──────── GIVEN ENTRIES
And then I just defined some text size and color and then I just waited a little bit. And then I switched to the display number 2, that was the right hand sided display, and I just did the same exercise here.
────────────────
──────── GIVEN ENTRIES
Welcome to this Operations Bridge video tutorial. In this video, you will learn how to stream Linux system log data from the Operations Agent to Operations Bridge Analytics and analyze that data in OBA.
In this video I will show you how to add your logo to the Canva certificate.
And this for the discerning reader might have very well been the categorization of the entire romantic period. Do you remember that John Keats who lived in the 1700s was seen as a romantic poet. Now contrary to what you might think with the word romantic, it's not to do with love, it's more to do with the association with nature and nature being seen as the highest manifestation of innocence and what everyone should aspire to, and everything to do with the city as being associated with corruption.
────────────────
──────── GIVEN ENTRIES
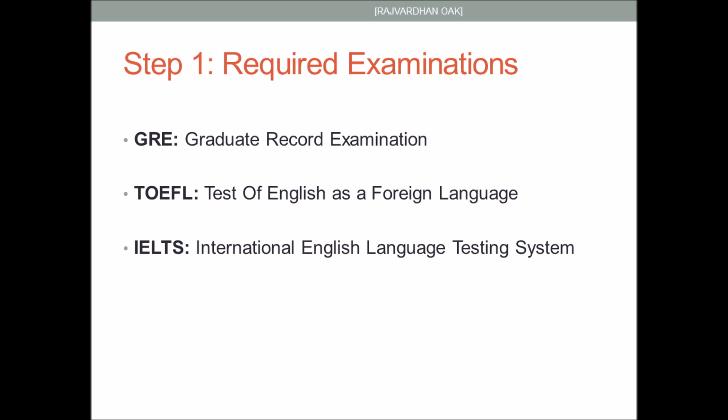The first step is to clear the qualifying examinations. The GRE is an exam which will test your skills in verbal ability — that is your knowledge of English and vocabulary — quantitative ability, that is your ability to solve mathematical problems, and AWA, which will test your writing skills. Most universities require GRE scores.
────────────────
● TASK REQUIREMENTS
Above are the records; from them, give again exactly the lines from the one containing "Welcome to this" through the one containing "And this for", both included.

● RESPONSE AREA
Welcome to this Operations Bridge video tutorial. In this video, you will learn how to stream Linux system log data from the Operations Agent to Operations Bridge Analytics and analyze that data in OBA.
In this video I will show you how to add your logo to the Canva certificate.
And this for the discerning reader might have very well been the categorization of the entire romantic period. Do you remember that John Keats who lived in the 1700s was seen as a romantic poet. Now contrary to what you might think with the word romantic, it's not to do with love, it's more to do with the association with nature and nature being seen as the highest manifestation of innocence and what everyone should aspire to, and everything to do with the city as being associated with corruption.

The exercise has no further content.